The active mother of two has penned four best-selling novels: A Hustler’s Wife, A Project Chick, The Glamorous Life, Riding Dirty on I-95 and Forever a Hustler’s Wife. In 2004, she signed a two-book deal with One World, an imprint of Ballantine Books, which is part of The Random House Publishing Group. She also co-wrote the 2007 novel Death Before Dishonor with 50 Cent for his G-Unit Books imprint.
Eventually, Turner decided it was time to become a boss herself. She started her own publishing company, Nikki Turner Presents, and recently released her novel Relapse, and published the 2010 Styles P novel Invincible. Additionally, Nikki just announced the September release of yet another book entitled Backstage.
UrbLife.com caught up with the famous author to discuss her writing process, being pigeonholed in her career, problems she has faced in the business, her must-read books and more!
First, talk to us about your newest book Relapse.
The Relapse is a book about a girl name Beijing Lee… She can’t control the things going on in her own life, with her own relationship, which is with a guy named Lootchee who holds her heart in his hands. He gives her the high of the highs and the low of the lows. It’s like a drug. When she’s high off him, she’s at her absolute best, and when he’s not around she hits rock bottom.

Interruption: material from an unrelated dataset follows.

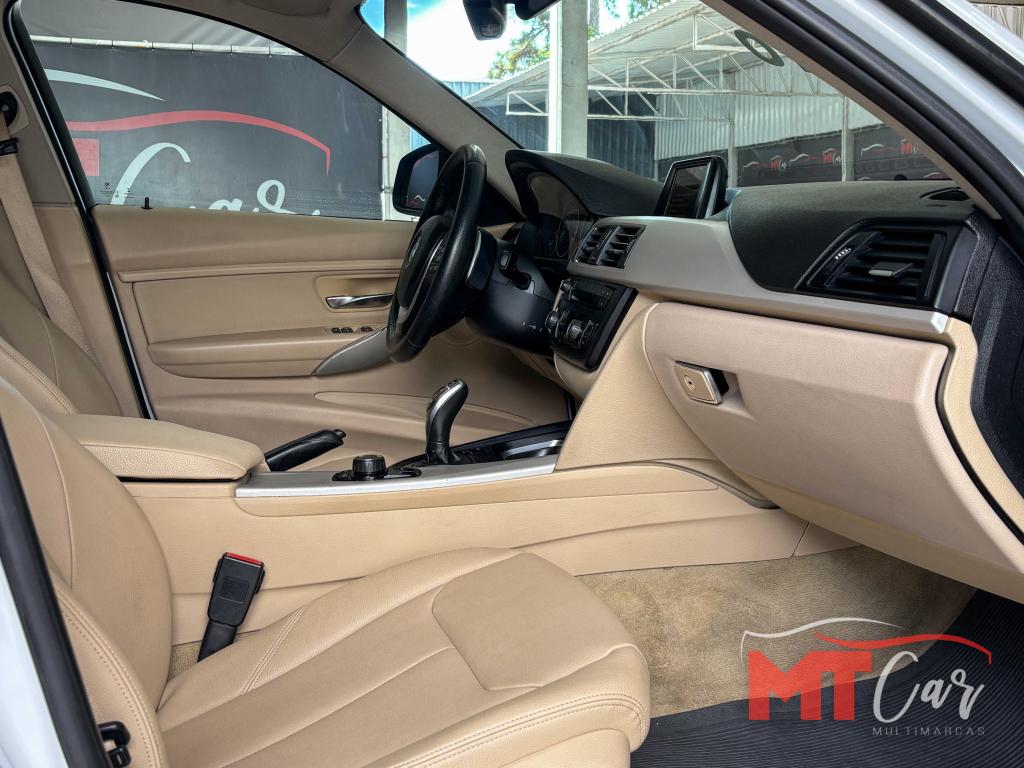 BMW 320I - Foto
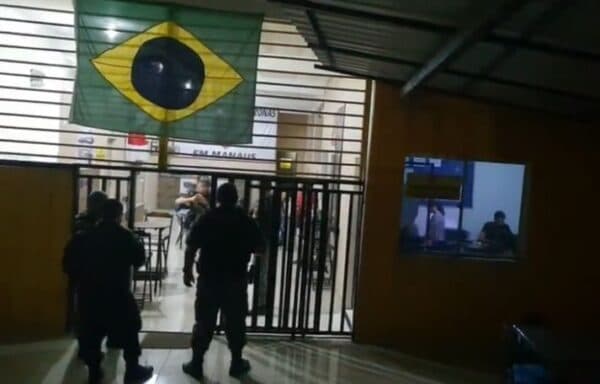 Criminosos rendem coronel do Exército e roubam 30 armas de clube de tiros, em Manaus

When she breaks up with him, she goes through the withdrawal, the detox, having craving from being away from him. Then something will happen in her life, and then she’ll just relapse and she’s back with him.
What type of things influence you to write your books?

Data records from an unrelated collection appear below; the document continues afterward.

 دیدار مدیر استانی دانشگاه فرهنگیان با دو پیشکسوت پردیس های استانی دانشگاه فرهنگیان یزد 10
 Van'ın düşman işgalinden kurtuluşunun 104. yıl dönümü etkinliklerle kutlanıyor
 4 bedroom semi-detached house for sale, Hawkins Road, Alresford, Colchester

I just think life experiences, and the so-called struggle of life. Interacting with people, just having to go through life. Sometimes we go through things like a fiction, sometimes real life is better than fiction.
How long does it typically take you to write an entire book from beginning to end?
If we’re talking about sitting down, it just depends on what I have a lot going on in my life. Sitting down writing it is only a quarter of the whole writing process, because a lot of times I write the book in my head before I ever sit down and write it. So I’m about to start working on Hustlers Wife 3, and I’ll probably need two or three more days before I actually sit down and start writing it, putting it all on paper. I wasn’t a trained writer, but over the years, I’ve actually learned how to outline. So what I’ll do sometimes is outline the story on paper, then go and write it.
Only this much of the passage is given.